Dataset excerpts:
= Beginning of Section =

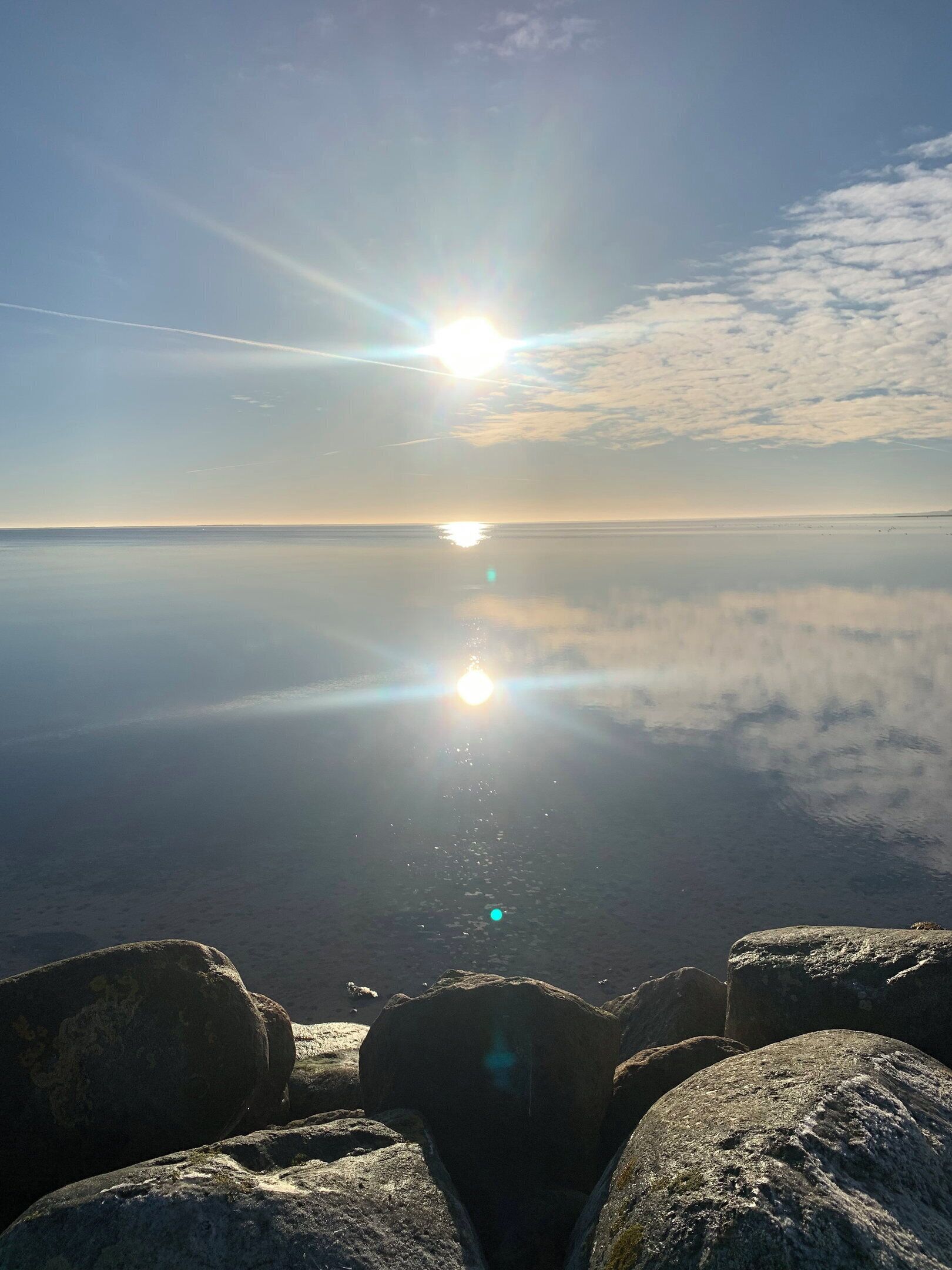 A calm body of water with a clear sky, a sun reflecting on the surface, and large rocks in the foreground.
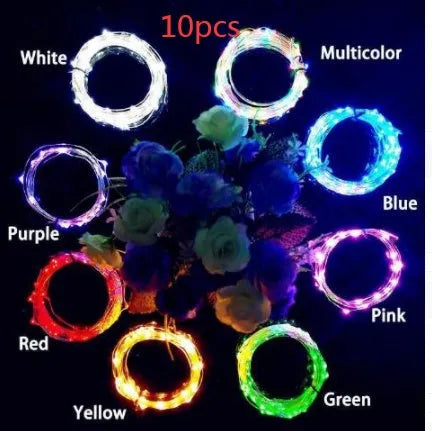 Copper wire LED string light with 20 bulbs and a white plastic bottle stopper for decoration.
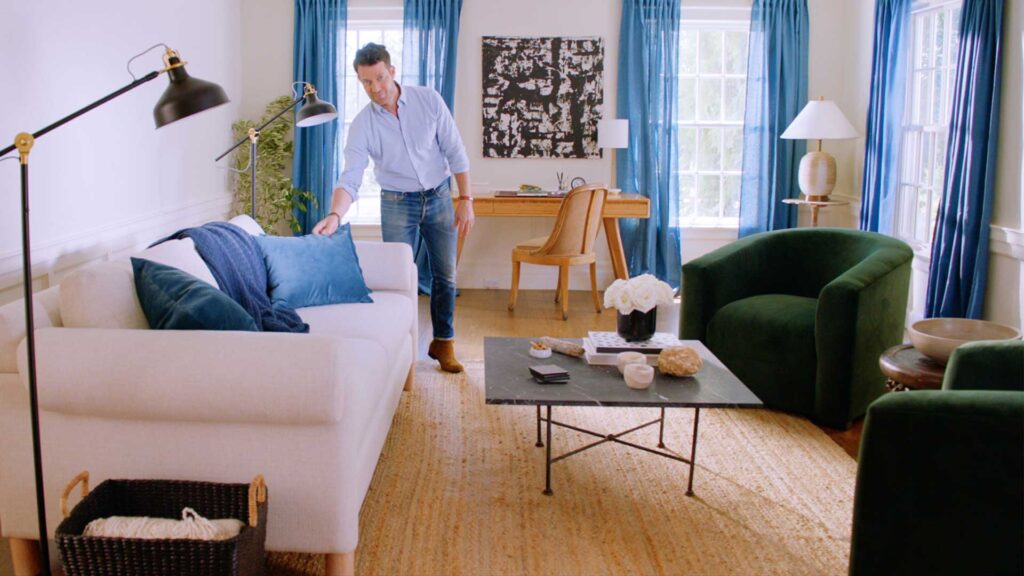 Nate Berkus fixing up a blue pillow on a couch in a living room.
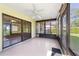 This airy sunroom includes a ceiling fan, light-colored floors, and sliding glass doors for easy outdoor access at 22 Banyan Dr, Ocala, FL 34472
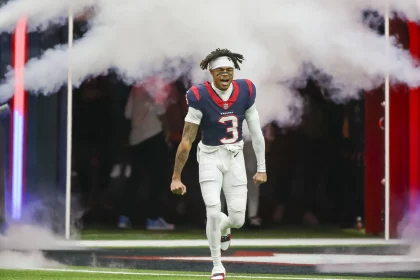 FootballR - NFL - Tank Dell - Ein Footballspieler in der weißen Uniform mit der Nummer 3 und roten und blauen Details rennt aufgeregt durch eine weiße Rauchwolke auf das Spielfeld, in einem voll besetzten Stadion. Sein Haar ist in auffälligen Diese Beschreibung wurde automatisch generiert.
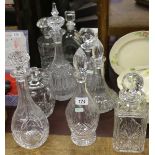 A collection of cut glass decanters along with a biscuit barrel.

= End of Section =

Give again the lines of the listing above that run from the one with "This airy sunroom" up to and including the one with "FootballR - NFL". Keep them exact and omit the pictures.

 This airy sunroom includes a ceiling fan, light-colored floors, and sliding glass doors for easy outdoor access at 22 Banyan Dr, Ocala, FL 34472
 FootballR - NFL - Tank Dell - Ein Footballspieler in der weißen Uniform mit der Nummer 3 und roten und blauen Details rennt aufgeregt durch eine weiße Rauchwolke auf das Spielfeld, in einem voll besetzten Stadion. Sein Haar ist in auffälligen Diese Beschreibung wurde automatisch generiert.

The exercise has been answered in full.